Hossein Tallal à la Galerie Atelier 21 : Portraits imaginaires et continuité dans le changement

Hassan Alaoui

Dans ce qui s’appelle la continuité dans le changement, oxymore si prisé de l’artiste, Hossein Tallal nous gratifie à partir de ce mardi 13 février et jusqu’au 20 mars d’une belle exposition de ses travaux, regroupés dans un répertoire intitulé « Portraits imaginaires ».

L’exposition, dont le vernissage est fixé ce mardi 13 février, aura pour cadre la Galerie d’art Atelier 21, à Casablanca. Autrement un lieu convivial, connu pour abriter le « nec plus ultra » de la création artistique, dont les cimaises ont vu défiler de grands peintres.

Les « Portraits imaginaires » incarnent une sorte de fil d’Ariane dans l’œuvre de Tallal, parce qu’ils constituent le thème fondateur en perpétuel devenir, et parce que l’artiste lui-même entend rester fidèle à sa méthode, à sa technique, aux croquis de visages et de héros apparentés à des personnages d’un cirque fellinien. Combien d’entre nous ne se reconnaissent-ils pas dans ces traits, peaufinés par le stylet à la finesse aiguë, ces silhouettes détachées du réel, figures emblématiques d’une fantasmagorie inouïe, un monde que pourrait décrire un certain Jorge Luis Borges dans son célèbre texte : « Le livre des êtres imaginaires », intitulé dans une première  de « Manual de zoología fantástica ».Plus qu’une centaine de créatures fantastiques sont recensées et présentés dans cette galerie qui est autant une œuvre d’art qu’un bestiaire littéraire.

Le point commun entre Borges et Tallal, quand bien même la comparaison paraîtrait fallacieuse, voire choquante, est le détail de l’anomalie, soulignée et mise en exergue. Une anomalie heureuse des personnages, la difformité qui est au monde ce que l’esthétique paradoxale est aux objets, ici les visages décalés, clownesques même. « Les reconnaissez-vous, ces êtres qui passent comme en rêve, parés de leur suffisance et de joyaux » ? s’est interrogé Maurice Arama, compagnon critique de Tallal.  « On reste figé devant ces figures de carnaval » !, ajoute-t-il. Voilà, le mot est lâché : carnaval.

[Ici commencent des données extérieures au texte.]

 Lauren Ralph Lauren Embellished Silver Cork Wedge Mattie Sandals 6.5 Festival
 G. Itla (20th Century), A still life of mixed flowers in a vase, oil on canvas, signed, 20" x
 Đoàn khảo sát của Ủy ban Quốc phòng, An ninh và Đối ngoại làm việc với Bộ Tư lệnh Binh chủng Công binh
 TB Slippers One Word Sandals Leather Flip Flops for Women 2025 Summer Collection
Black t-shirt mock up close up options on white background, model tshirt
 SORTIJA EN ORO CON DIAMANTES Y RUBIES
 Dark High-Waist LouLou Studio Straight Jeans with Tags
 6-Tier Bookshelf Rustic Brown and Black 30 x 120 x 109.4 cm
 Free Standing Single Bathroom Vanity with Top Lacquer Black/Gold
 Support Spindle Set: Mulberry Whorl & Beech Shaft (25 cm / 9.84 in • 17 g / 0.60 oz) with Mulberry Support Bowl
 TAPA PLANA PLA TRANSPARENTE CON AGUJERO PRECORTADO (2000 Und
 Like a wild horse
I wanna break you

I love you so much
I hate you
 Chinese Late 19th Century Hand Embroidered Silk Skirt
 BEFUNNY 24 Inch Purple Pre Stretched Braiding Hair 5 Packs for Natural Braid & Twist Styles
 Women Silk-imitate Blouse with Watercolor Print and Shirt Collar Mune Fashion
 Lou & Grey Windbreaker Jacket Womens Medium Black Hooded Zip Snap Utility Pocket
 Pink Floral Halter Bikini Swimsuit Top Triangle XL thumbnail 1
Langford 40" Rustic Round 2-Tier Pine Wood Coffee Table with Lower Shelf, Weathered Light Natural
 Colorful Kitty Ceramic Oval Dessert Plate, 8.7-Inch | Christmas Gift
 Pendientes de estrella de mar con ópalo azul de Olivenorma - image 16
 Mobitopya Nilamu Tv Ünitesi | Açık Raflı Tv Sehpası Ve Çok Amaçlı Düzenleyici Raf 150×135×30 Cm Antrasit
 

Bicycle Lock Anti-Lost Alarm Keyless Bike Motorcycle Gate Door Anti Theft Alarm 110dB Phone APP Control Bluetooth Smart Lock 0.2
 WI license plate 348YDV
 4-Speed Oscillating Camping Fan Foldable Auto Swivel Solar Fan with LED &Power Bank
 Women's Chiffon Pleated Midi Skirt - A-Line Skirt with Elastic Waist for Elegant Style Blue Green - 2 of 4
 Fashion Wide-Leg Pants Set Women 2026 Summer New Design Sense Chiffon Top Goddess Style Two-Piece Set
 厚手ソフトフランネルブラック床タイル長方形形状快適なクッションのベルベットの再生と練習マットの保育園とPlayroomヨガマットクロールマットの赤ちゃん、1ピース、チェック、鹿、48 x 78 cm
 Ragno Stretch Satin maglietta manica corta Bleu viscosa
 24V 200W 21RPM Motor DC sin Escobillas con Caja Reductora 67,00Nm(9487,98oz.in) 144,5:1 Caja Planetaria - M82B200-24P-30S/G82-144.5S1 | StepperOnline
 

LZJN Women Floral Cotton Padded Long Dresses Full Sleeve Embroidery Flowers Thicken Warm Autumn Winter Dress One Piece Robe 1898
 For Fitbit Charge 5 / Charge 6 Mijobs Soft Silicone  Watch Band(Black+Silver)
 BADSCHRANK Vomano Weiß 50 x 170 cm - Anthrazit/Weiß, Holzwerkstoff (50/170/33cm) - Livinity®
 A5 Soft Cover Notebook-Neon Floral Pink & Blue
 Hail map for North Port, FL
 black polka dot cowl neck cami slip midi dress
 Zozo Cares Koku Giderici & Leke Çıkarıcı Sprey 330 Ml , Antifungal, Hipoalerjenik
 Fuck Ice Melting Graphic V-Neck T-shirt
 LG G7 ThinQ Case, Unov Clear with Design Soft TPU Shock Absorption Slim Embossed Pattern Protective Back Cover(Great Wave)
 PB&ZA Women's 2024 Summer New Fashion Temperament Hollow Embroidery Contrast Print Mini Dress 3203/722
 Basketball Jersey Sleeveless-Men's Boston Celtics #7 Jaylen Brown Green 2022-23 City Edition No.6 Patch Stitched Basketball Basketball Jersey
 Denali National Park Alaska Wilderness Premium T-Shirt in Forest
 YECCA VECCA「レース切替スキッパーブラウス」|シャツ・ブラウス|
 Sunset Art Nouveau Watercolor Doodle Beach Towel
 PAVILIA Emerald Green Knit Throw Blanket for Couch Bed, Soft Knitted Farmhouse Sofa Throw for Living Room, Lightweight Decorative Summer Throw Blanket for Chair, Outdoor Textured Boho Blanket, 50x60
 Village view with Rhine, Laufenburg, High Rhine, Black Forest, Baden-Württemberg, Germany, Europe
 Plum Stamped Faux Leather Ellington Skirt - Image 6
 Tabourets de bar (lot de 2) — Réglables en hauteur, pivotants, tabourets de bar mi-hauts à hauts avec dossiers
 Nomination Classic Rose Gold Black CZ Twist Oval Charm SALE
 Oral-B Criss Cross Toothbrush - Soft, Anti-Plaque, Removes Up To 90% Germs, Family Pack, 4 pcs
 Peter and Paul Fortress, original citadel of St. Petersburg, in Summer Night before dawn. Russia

Il sied d’autant plus bien à cette peinture si forte et exubérante qu’il n’est pas étranger à l’inspiration de l’artiste, plongée dans les espaces et les couleurs du Brésil, plus particulièrement dans la province du Salavador, à Bahia où sa mère Chaïbia avait exposé il y a quelques années et connu un vif succès. Hossein Tallal en garde les traces, de cette peinture colorée, il en a fait son « miel » avant de faire inscrire on art dans la technique du portrait et du visage. La gestuelle aidant, il donne à cette technique toute la dimension expressive, en rire, en songe, en tristesse. Si Toulouse-Lautrec est très présent dans sa quête, Tallal ne dédaignerait pas un Gustave Courbet, parce qu’il confère au corps ses mystères et ses douleurs ondulées. Le rire dans ses dessins est celui du fou, heureux et joyeux, dont la parole dit vrai !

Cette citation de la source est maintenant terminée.